Some remote control software, such as Netopia's Timbuktu Version 7, use non-standard encryption when sending copies of your screen over the Internet. Currently, Timbuktu uses a proprietary method to scramble bits and randomize parts of the screen. Experts advise against using home-grown encryption, as even well-known methods often fail to pass muster once put under scrutiny and, with a proprietary cipher, you're getting what Gramma called "a pig in a poke." (Netopia says it plans to employ an as-yet unannounced form of standard encryption in its next version of Timbuktu.)
Meanwhile, Altiris Inc.'s Carbon Copy uses 128-bit MD5 encryption during authentication only, and the MD5 collision weakness that came to light in 2004 shouldn't be a problem for Carbon Copy. However, Carbon Copy's data stream is guarded by a 64-bit proprietary encryption key for each packet sent. Users may define any key for authentication of the data stream -- presumably if they provide the key.
Symantec Corporation just announced PC Anywhere 11.5 with AES encryption (up to 256-bit cipher strength) for both authentication and the data stream. The new version of pcAnywhere also offers host address blocking, 13 different methods of authentication (including RSA SecurID authentication), the ability to specify TCP/IP addresses and subnets that are allowed to connect, and the option to hide pcAnywhere hosts from TCP/IP browse lists.

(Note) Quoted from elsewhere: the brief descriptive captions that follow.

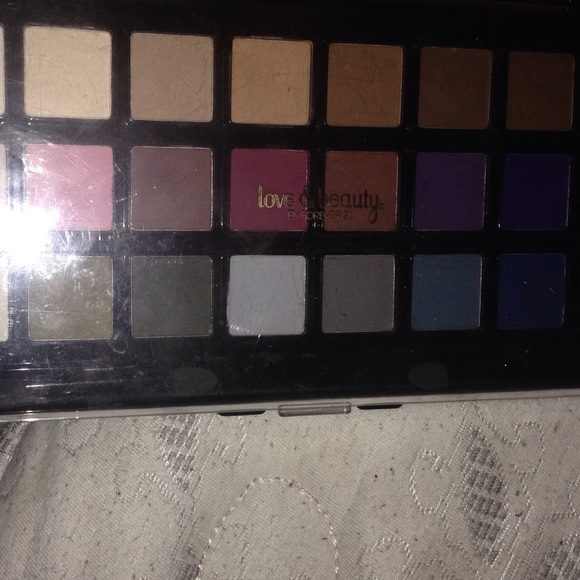 Matte - Picture 3 of 3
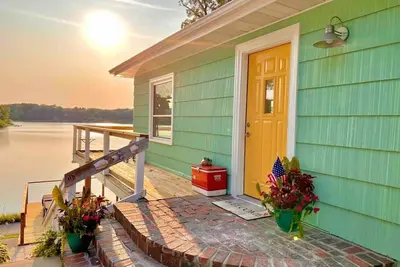 Image de UncleLarry's LakePlace, Hot Tub
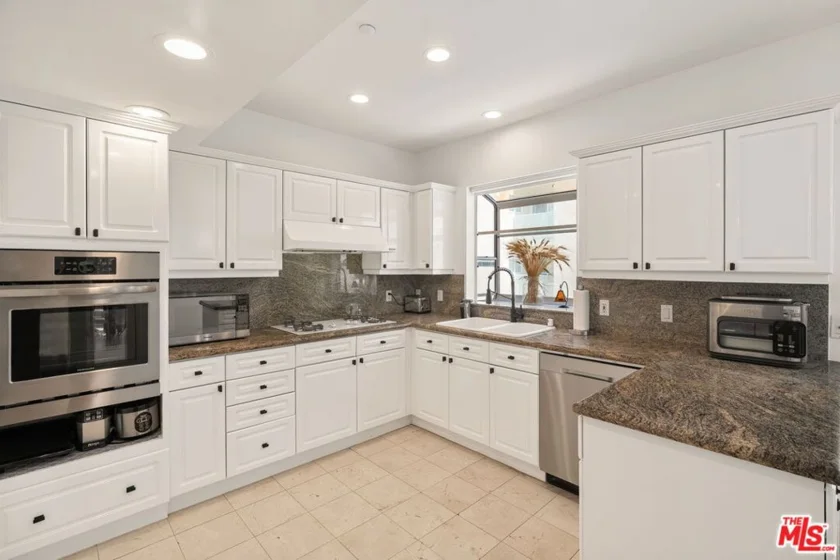 121 N Almont Drive #201 photo 17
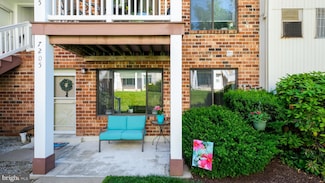 7205 Hilltop Dr Unit 95, Brookhaven, PA 19015
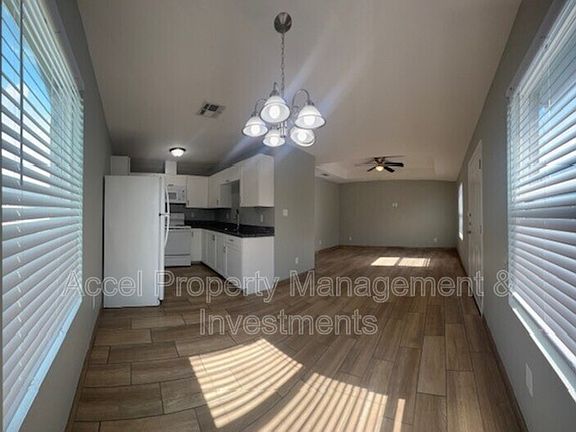 3rd image of 825 S Mississippi St APT D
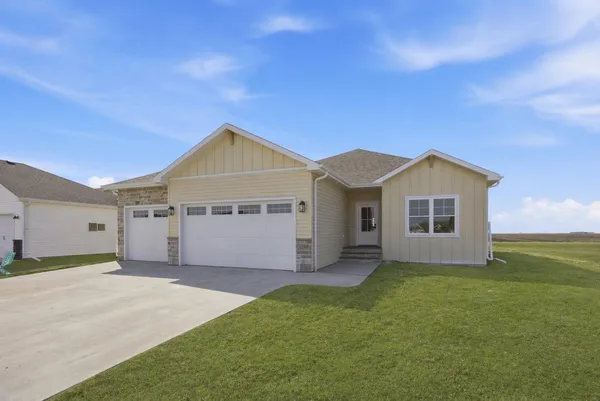 $774,900 | 4288 Pine Parkway South, Fargo, ND 58104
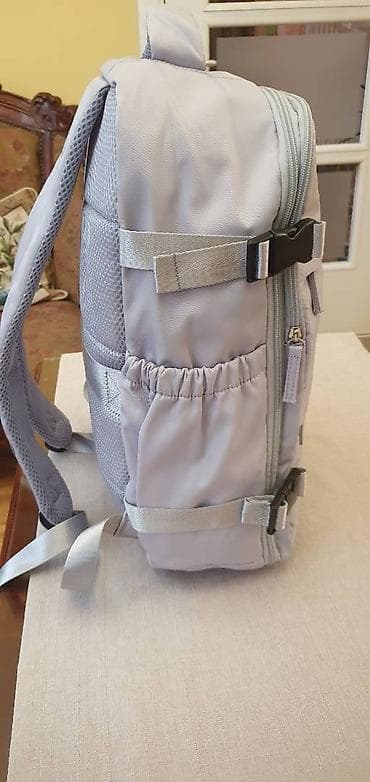 Vakuum ranac u koji staje više stvari nego u kofer. Odobren za avio at lalafo.rs — 3 Vakuum ranac u koji staje više stvari nego u kofer. Odobren za avio — 3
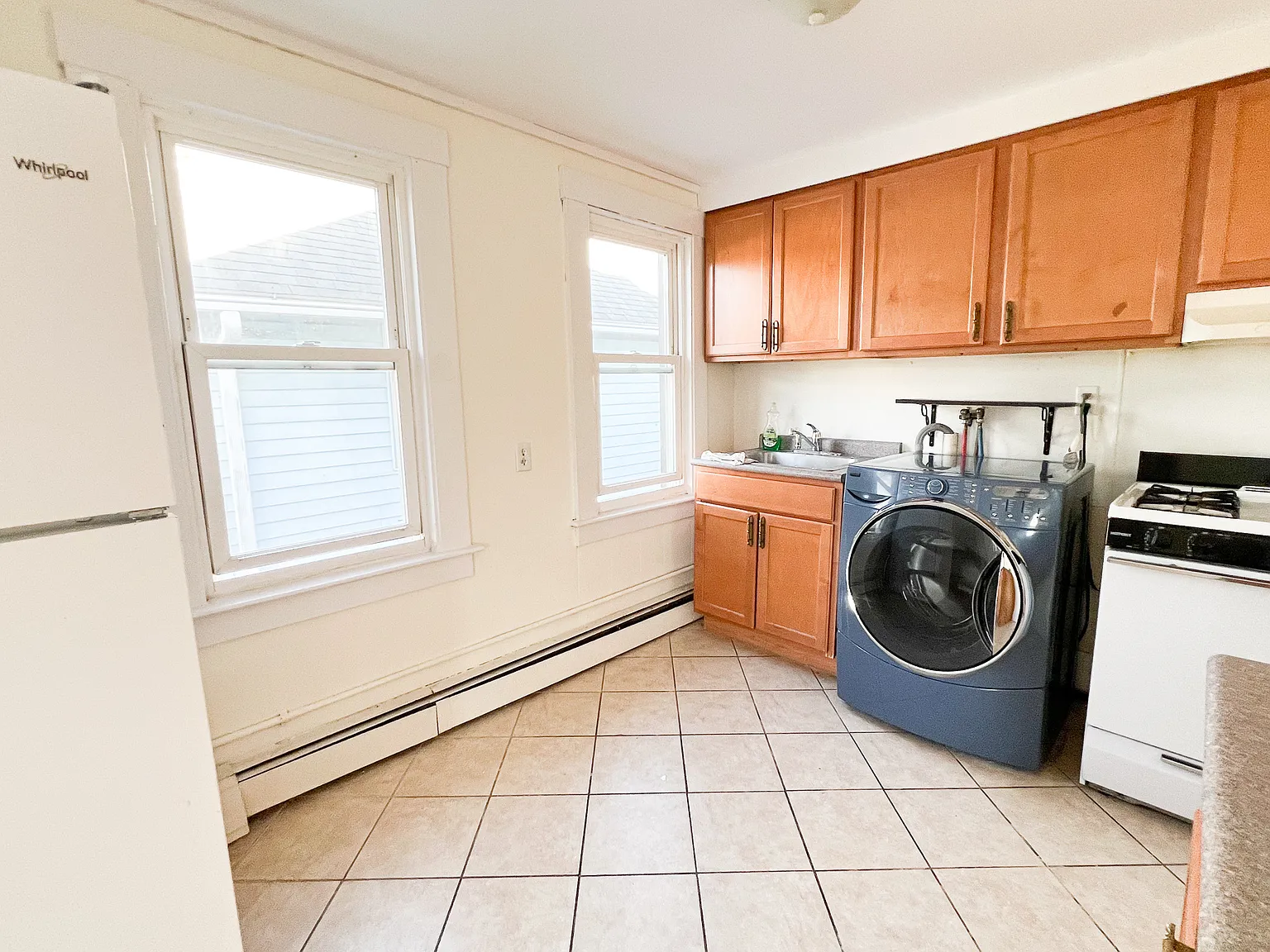 2 bed, 1.0 bath, 2096 sqft, $1,850 — Photo 3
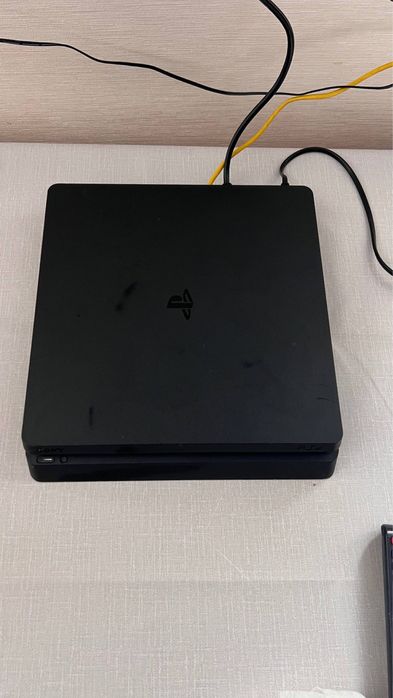 Sony play station 4 slim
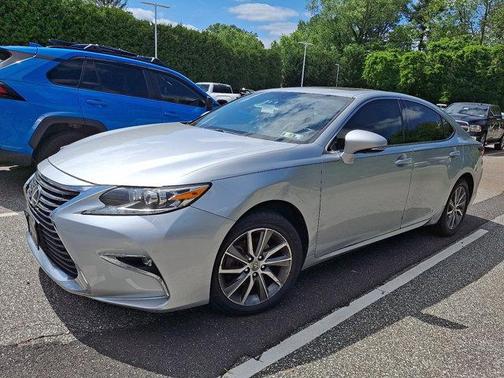2016 Lexus ES 300h Base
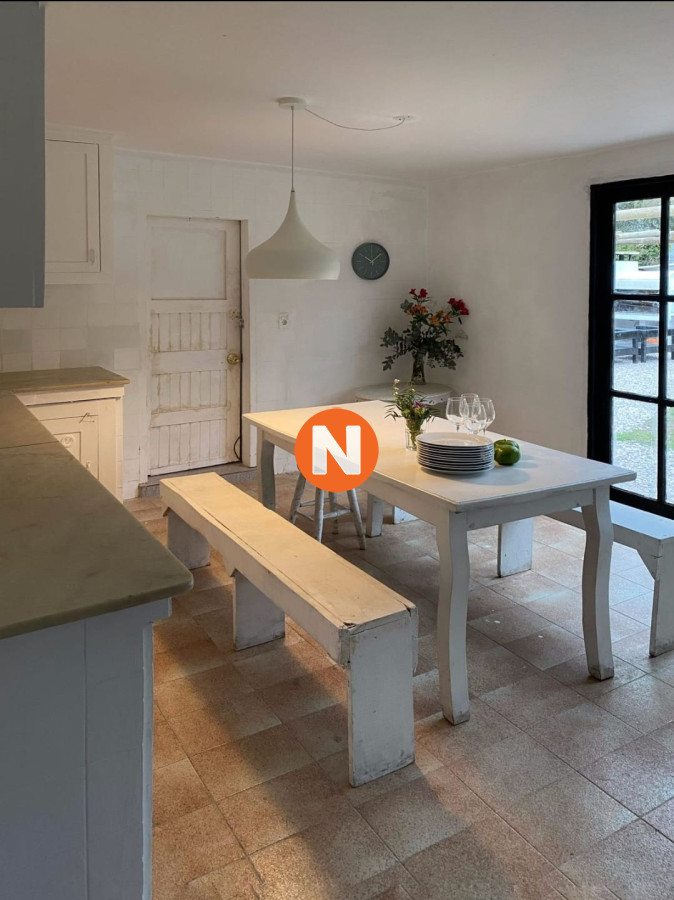 Casa Ref.225401 - Amplia casa a la venta en Punta del Este de 6 dormitorios en el Tesoro a 200 mts de ruta 10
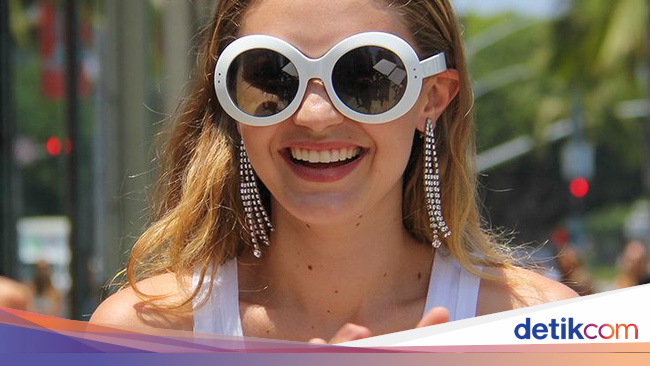 Ini Jenis Kacamata yang Lagi Tren di 2019 Dipakai Gigi Ini Jenis Kacamata yang Lagi Tren di 2019 Dipakai Gigi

Check security specs before you buy, because these things change. Go to BugTraq and check the product name (in date order) for security reports.
Also, make sure you can blank the screen in the office so telecommuters don't have an audience watching what they're doing from home.
The Important Things
Before you open the gates of your compound to your fellow humans, here are some final words of advice on keeping out the slathering monsters beyond the walls:
The lamest dual-mode authentication beats the slickest new trick. So take back the link to the national nose-print database if it isn't integrated with strong password protection.
If your troops are going to work on the road, talk to them about physical notebook security.
If your users are working at home, put something in the six-month memo about the safest place for storing passwords: in their heads! They are guardians of your network now.